“If I photograph my ‘ankles’ and post the pix, I’ll make loads of cash!” Johnny Depp as Transman. image
Transman took a gander at the search terms that led people to his blog. Understandably, many of the terms can’t be repeated here on this family-friend blog. Those folks were looking for all kinds of transman fetish things–and no, not fetish as in an object worshiped for its magical powers or because it is possessed by a spirit.
Transman was not particularly surprised to find 242 people found his blog by typing in “Johnny depp 2012.” Another 172 found their way with “Barbie face.” Surprisingly more people looked for “Waylon Jennings” (85) and “Slash without glasses” (49) than “Ashley judd wet clothing” (34).
Some version of Johnny Depp, Slash, or Sean Connery dominates the overall Top Ten. Many people in this world have fetishes for certain body parts on Tina Fey, Ashley Judd, Harrison Ford, and Patrick Stewart. Who knew?

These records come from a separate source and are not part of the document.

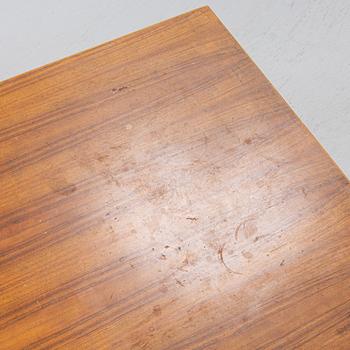 Florence Knoll, a model 590-036 walnut-veneered desk, by Nordiska Kompaniet in Sweden for Knoll International, 1962.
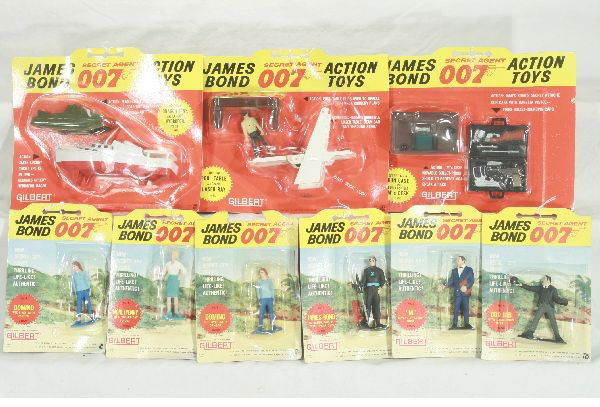 NETTE - 9 Carded AC GILBERT James Bond 007 Lot: #7 Moneypenny; #3 Bond in Scuba Outfit; 2 #9 Dominos, 1 card is damaged on top; #5 M the Boss; #4 Odd Job; Gun Case w/Bullet Shield Desk Set; Pool Table w/Figure & Laser Ray Set, laser broke off pins,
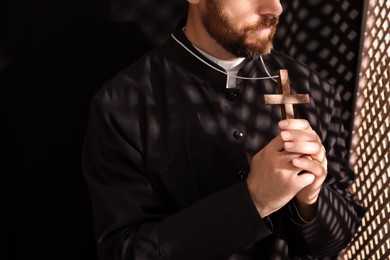 Catholic priest in cassock holding cross in confessional booth, closeup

“It’s no surprise that I’m in the Top Ten, Transman!” Sean Connery as himself. image
Transman compiled his own favorite Top Ten search terms that led people to his blog:
10. poutine guns
9. tom waits hearing tubes
8. how do you put voodoo on someone with their toenail cilipping
7. would you buy your wife tampons
6. sean connery chuck Norris ain’t
5. Cockroach tattoo designs
4. I love moobs bracelet
3. How to cut your hair like Keith Richards*
2. I don’t care what you do in your life I have my own

Transman couldn’t find a Poutine Coloring Page for you, so here’s a map of Canada. image

“Poutine guns? Really?!? Actually, that sounds kinda fun.” Charlyne Yi as herself. image
* Transman has experience doing this. He’ll fill you in later.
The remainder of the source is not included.